In the Media

Kelly Vincent – 5AA Interview on Bicycle Regulations and Elder Abuse Inquiry

On 26th October 2015, Dignity for Disability MLC Kelly Vincent was interviewed on radio station 5AA to discuss the new cycling regulations, in particular the changes to cycling on footpaths. Kelly Vincent also discussed the Social Development Committee’s plans to inquire into elder abuse. Here is the transcript from the interview.

Andrew Reimer: Now we had Fay just a moment ago talking about the bike laws and rules and all that sort of business and MLC Dignity for Disability Kelly Vincent, your ears would have been burning. Fay was just talking about you a moment ago, talking about the fact that she had a meeting with you last week.

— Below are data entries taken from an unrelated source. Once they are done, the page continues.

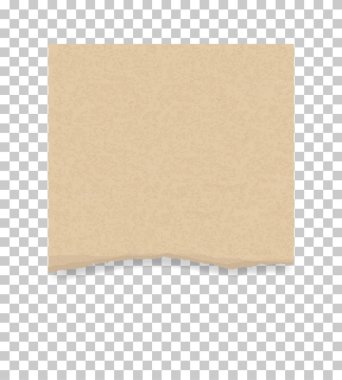 Arka plan için kağıt kenarlı alan kopya alanı için yırtılmış. Kahverengi kağıt dokusu üzerinde şeffaf arka plan sökük. Vektör çizim.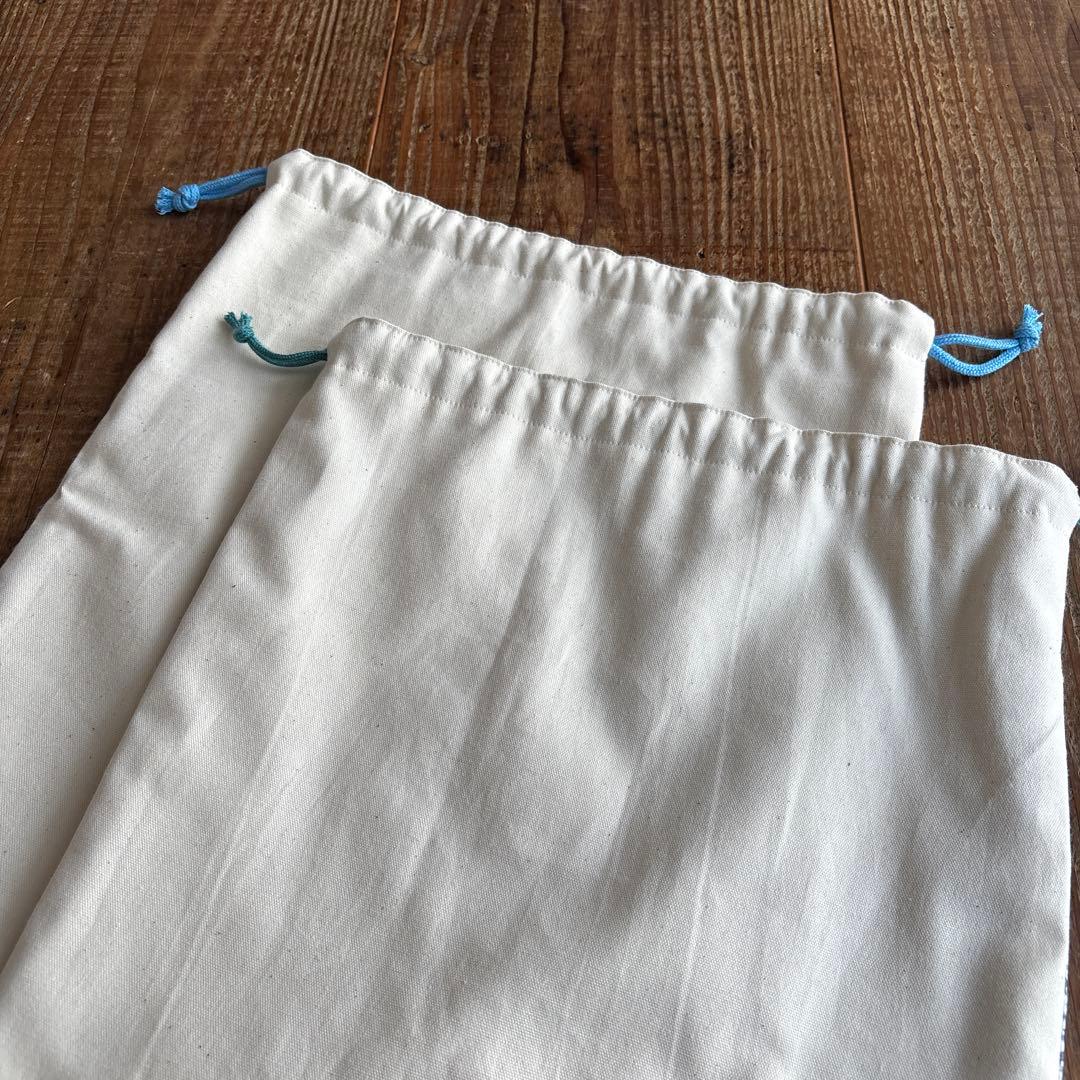 あおいそら☆リバティ　パッチワークの巾着袋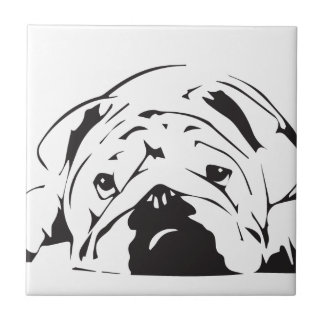 British Bulldog Stencil Tegeltje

Kelly Vincent: Yes well it was a very productive conversation that we held with a number of representatives, particularly from organisations representing people who are blind or vision-impaired, also deaf or hard of hearing because there are a lot of concerns about these new regulations, particularly allowing people to ride on the footpath. Because firstly people who do have a sensory impairment might not be as readily able to see someone coming along a footpath and therefore might feel a bit vulnerable. So we did have a very productive conversation, and I have to say I think, I certainly felt that ultimately we all agree that it’s important to keep cyclists safe. But there is a need for more education for cyclists about making sure that they’re on the lookout for people who might be blind or vision-impaired, or might not be able to hear them coming. And, so there is a need for more education about what cyclists need to be aware of if they are going to be cycling on the footpath. So we’ll certainly take that conversation and make sure that the Government does promote the need for cyclists to be aware of these user groups.

Andrew Reimer: It’s going to be interesting. We’ve got an educational period, we’re speaking to senior Constable Rebecca Stokes from SAPOL media this evening and police are putting in a three month educational period and before we start looking at fines, unless I’ve imagined this very serious instances of people flouting the new laws, there’s going to be three months where they’re not going to be given fines or anything along those sort of lines, they’ll just be given warnings and being taught how to implement those new rules.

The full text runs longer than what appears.